If U.S. sanctions are met with counter-measures (such as a “blocking statute” that would protect European and other actors from U.S. sanctions) or counter-sanctions (aimed at U.S. companies that now refuse to deal with European companies under U.S. sanction), then businesses in effect become hostages. The cold-blooded logic of economic warfare is that these hostages must be punished, often severely. BNP Paribas, the French bank, was fined almost $9 billion by U.S. authorities in 2015 for evading sanctions against Iran, Cuba and Sudan. ZTE Telecommunications, a Chinese handset manufacturer, was fined $ 1.2 billion in 2017 and then more recently barred from using U.S. components because of its forbidden trading with Iran and North Korea. Just this week, ZTE agreed to pay another $ 1 billion fine to the United States to avoid what would have been an effective death sentence. The power of sanctions. In the weeks ahead, we will learn whether we are facing a war of mutually-increasing sanctions, as the Europeans and other signatories react to the American sanctions threat. Russia has enacted legislation to fight back against U.S. sanctions by threatening to punish Russian firms (and foreign firms doing business in Russia) that comply with the United States.

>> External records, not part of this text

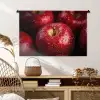 Rood - Appels - Fruit Wandkleed katoen middel -sfeer5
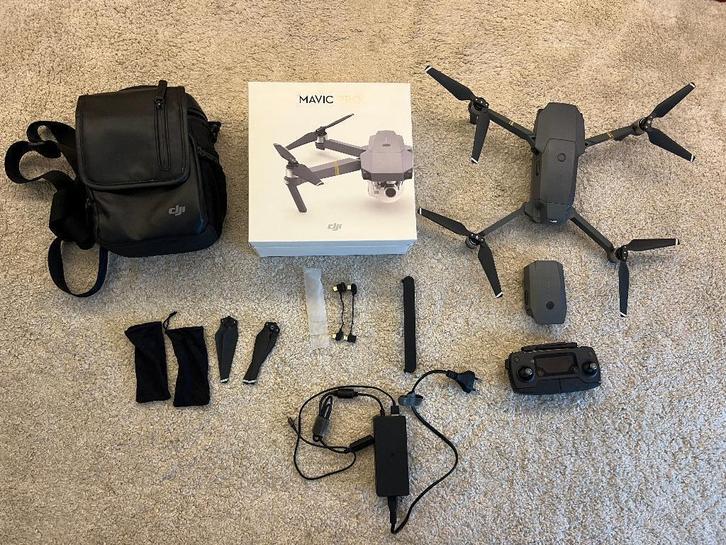 DJI Mavic Pro 4K–Pack complet–2 batteries–Boîte d’origine, Audio, Tv en Foto, Drones, Gebruikt, Cameradrone, Topkwaliteit, DJI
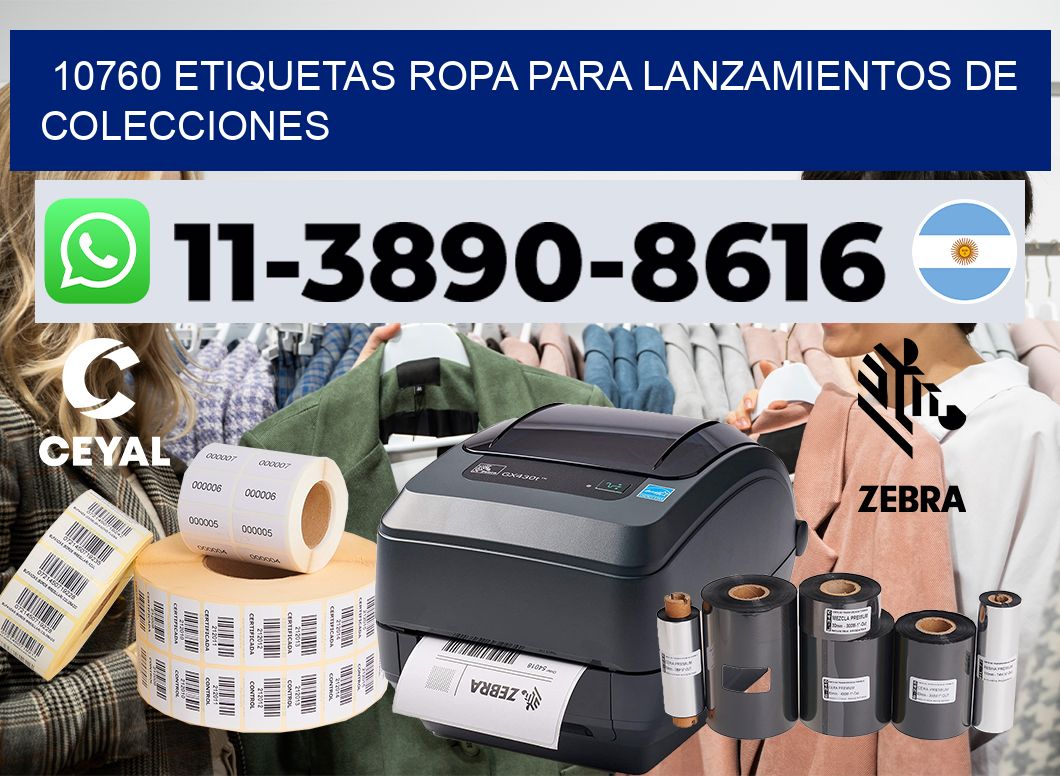 10760 Etiquetas ropa para lanzamientos de colecciones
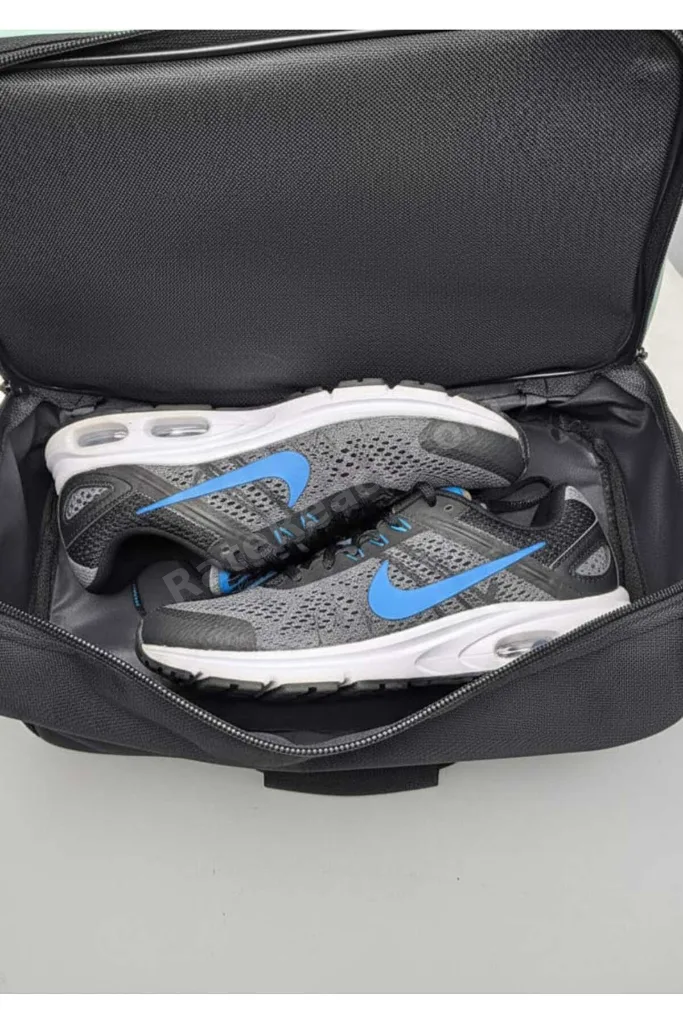 Gri Paraşüt Kumaş Ayakkabı Bölmeli Yazlık/Kışlık Unisex Spor Fitness Anne Bebek Seyahat Çantası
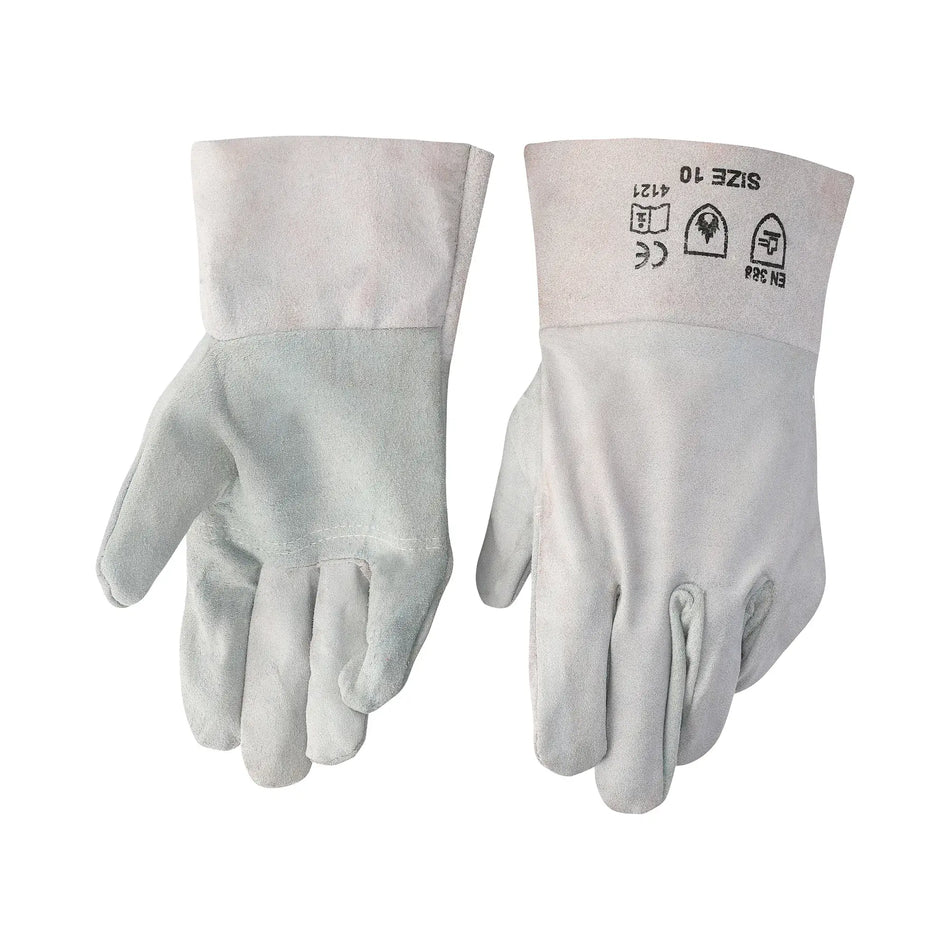 REBEL Tru Touch Chrome Leather Gloves Wrist Length - Pack of 12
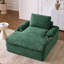 Upholstered Boneless Sleeper Sofa Bed Chaise Lounge With Cup Holders For Small Spaces-1511928792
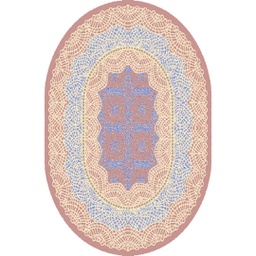 SHIRAZ 76070 (Ovale, 130X160, BOIS DE ROSE)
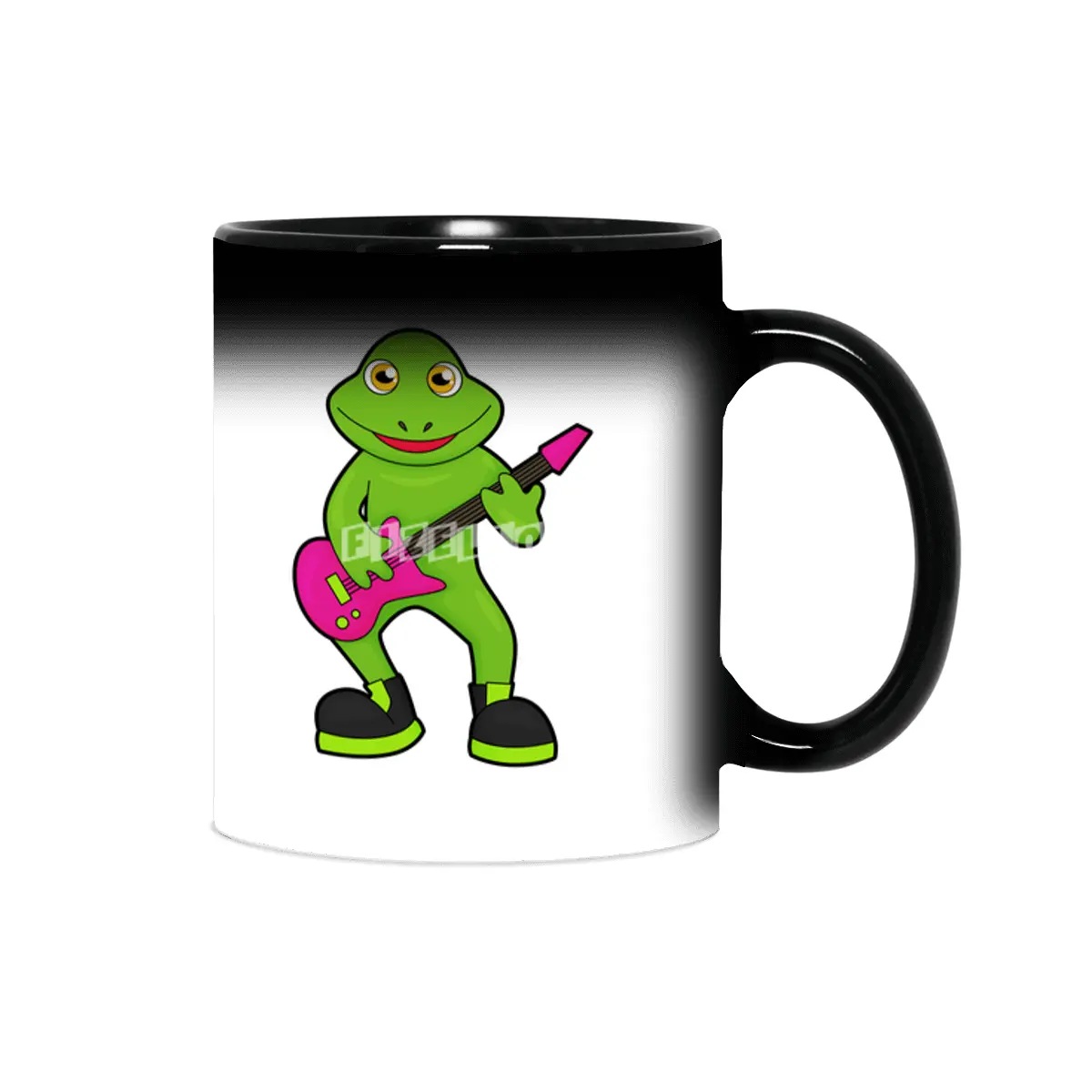 Frog as Musician with Guitar Sihirli Kupa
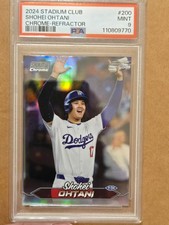 2024 STADIUM CLUB CHROME SHOHEI OHTANI #200 REFRACTOR PSA 9 MINT GRADED picture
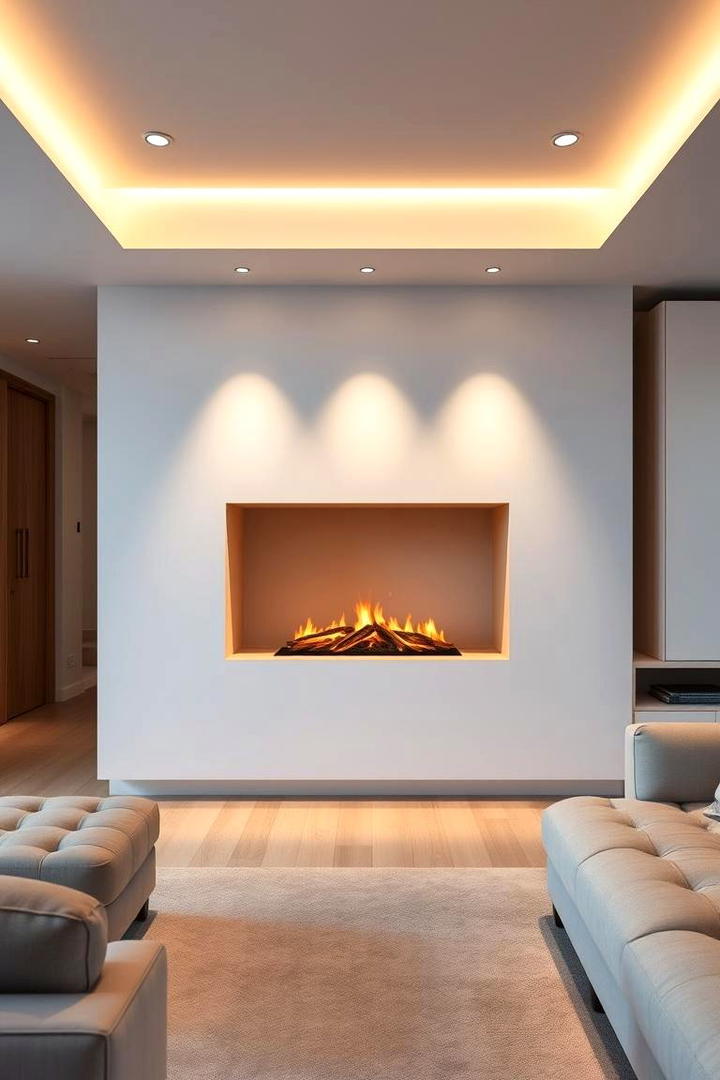 Recessed Built In Fireplace - 21 Modern Fireplace Ideas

China has been and will continue to be the largest purchaser of Iranian crude, and it will be in a position to step into the shoes of international players frightened away by U.S. sanctions. Indeed French oil giant Total, in suggesting it might step away from its proposed $5 billion development of the Pars field in Iran, made clear its Chinese partner would step into its shoes if it did.

The Europeans face a more complex calculus. They are the most wedded to the multilateral diplomacy behind the Iran deal, and to the prospect of positive change in Iran wrought by engagement. They are also most angered by our president’s Trumpian ways. In the words of Donald Tusk, the EU president, “With friends like Trump, who needs enemies?” The French finance minister called for proud resistance: “Do we Europeans want to be vassals standing at attention to obey the decisions of the United States?” On May 18, European Commission president Jean-Claude Juncker proposed a series of measures including a “blocking statute” that would forbid EU companies from obeying U.S. sanctions law and protect them against fines and penalties, as well as a mechanism to permit member states to make direct payments to Iran for oil without using U.S. financial institutions subject to sanction. “[W]e have the duty,” he said, “to do what we can to protect our European businesses, especially SMEs.” On June 6, the EU formally updated its blocking statute to protect against U.S.-Iran-related sanctions.